- EXERCISE INSTRUCTIONS: Copy each line below exactly.

Items from a data source:
'''
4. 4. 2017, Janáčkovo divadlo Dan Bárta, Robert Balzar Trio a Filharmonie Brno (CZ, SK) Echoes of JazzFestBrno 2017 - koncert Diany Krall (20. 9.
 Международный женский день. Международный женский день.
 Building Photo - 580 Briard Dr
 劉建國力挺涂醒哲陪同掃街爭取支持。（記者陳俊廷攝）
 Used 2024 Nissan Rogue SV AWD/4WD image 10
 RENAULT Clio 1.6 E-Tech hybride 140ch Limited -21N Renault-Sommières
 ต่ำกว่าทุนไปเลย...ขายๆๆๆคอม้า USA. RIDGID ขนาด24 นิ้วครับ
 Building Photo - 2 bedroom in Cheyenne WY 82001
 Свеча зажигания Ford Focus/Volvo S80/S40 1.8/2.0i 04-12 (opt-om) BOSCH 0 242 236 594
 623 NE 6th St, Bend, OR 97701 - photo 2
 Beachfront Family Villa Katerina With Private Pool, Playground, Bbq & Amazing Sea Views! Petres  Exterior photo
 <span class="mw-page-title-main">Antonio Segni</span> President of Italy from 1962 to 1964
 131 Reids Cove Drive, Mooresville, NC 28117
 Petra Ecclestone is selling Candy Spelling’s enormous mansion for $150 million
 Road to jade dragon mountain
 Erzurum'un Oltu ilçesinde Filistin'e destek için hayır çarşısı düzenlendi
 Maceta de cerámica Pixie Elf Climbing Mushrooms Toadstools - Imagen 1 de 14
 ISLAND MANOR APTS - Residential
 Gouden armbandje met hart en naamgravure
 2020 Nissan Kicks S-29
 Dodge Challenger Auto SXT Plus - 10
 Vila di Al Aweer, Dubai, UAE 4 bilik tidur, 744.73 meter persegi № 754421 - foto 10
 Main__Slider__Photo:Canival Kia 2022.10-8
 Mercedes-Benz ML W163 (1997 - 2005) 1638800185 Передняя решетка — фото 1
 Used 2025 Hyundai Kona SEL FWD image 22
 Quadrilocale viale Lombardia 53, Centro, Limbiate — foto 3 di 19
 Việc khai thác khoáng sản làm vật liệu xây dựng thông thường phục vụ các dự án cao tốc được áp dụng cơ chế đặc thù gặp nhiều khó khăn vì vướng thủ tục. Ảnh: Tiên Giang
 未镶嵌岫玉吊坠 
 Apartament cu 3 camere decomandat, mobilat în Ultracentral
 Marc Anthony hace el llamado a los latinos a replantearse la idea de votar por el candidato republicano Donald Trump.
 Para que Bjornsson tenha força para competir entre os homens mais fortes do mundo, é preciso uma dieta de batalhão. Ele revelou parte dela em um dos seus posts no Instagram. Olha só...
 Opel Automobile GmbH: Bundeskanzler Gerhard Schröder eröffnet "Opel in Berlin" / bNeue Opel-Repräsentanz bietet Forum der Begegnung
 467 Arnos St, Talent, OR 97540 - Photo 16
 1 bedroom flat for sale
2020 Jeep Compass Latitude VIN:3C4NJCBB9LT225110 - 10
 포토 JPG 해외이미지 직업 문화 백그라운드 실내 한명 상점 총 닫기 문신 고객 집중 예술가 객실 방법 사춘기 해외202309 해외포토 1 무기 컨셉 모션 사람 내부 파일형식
'''
- WRITTEN ANSWER:
4. 4. 2017, Janáčkovo divadlo Dan Bárta, Robert Balzar Trio a Filharmonie Brno (CZ, SK) Echoes of JazzFestBrno 2017 - koncert Diany Krall (20. 9.
 Международный женский день. Международный женский день.
 Building Photo - 580 Briard Dr
 劉建國力挺涂醒哲陪同掃街爭取支持。（記者陳俊廷攝）
 Used 2024 Nissan Rogue SV AWD/4WD image 10
 RENAULT Clio 1.6 E-Tech hybride 140ch Limited -21N Renault-Sommières
 ต่ำกว่าทุนไปเลย...ขายๆๆๆคอม้า USA. RIDGID ขนาด24 นิ้วครับ
 Building Photo - 2 bedroom in Cheyenne WY 82001
 Свеча зажигания Ford Focus/Volvo S80/S40 1.8/2.0i 04-12 (opt-om) BOSCH 0 242 236 594
 623 NE 6th St, Bend, OR 97701 - photo 2
 Beachfront Family Villa Katerina With Private Pool, Playground, Bbq & Amazing Sea Views! Petres  Exterior photo
 <span class="mw-page-title-main">Antonio Segni</span> President of Italy from 1962 to 1964
 131 Reids Cove Drive, Mooresville, NC 28117
 Petra Ecclestone is selling Candy Spelling’s enormous mansion for $150 million
 Road to jade dragon mountain
 Erzurum'un Oltu ilçesinde Filistin'e destek için hayır çarşısı düzenlendi
 Maceta de cerámica Pixie Elf Climbing Mushrooms Toadstools - Imagen 1 de 14
 ISLAND MANOR APTS - Residential
 Gouden armbandje met hart en naamgravure
 2020 Nissan Kicks S-29
 Dodge Challenger Auto SXT Plus - 10
 Vila di Al Aweer, Dubai, UAE 4 bilik tidur, 744.73 meter persegi № 754421 - foto 10
 Main__Slider__Photo:Canival Kia 2022.10-8
 Mercedes-Benz ML W163 (1997 - 2005) 1638800185 Передняя решетка — фото 1
 Used 2025 Hyundai Kona SEL FWD image 22
 Quadrilocale viale Lombardia 53, Centro, Limbiate — foto 3 di 19
 Việc khai thác khoáng sản làm vật liệu xây dựng thông thường phục vụ các dự án cao tốc được áp dụng cơ chế đặc thù gặp nhiều khó khăn vì vướng thủ tục. Ảnh: Tiên Giang
 未镶嵌岫玉吊坠 
 Apartament cu 3 camere decomandat, mobilat în Ultracentral
 Marc Anthony hace el llamado a los latinos a replantearse la idea de votar por el candidato republicano Donald Trump.
 Para que Bjornsson tenha força para competir entre os homens mais fortes do mundo, é preciso uma dieta de batalhão. Ele revelou parte dela em um dos seus posts no Instagram. Olha só...
 Opel Automobile GmbH: Bundeskanzler Gerhard Schröder eröffnet "Opel in Berlin" / bNeue Opel-Repräsentanz bietet Forum der Begegnung
 467 Arnos St, Talent, OR 97540 - Photo 16
 1 bedroom flat for sale
2020 Jeep Compass Latitude VIN:3C4NJCBB9LT225110 - 10
 포토 JPG 해외이미지 직업 문화 백그라운드 실내 한명 상점 총 닫기 문신 고객 집중 예술가 객실 방법 사춘기 해외202309 해외포토 1 무기 컨셉 모션 사람 내부 파일형식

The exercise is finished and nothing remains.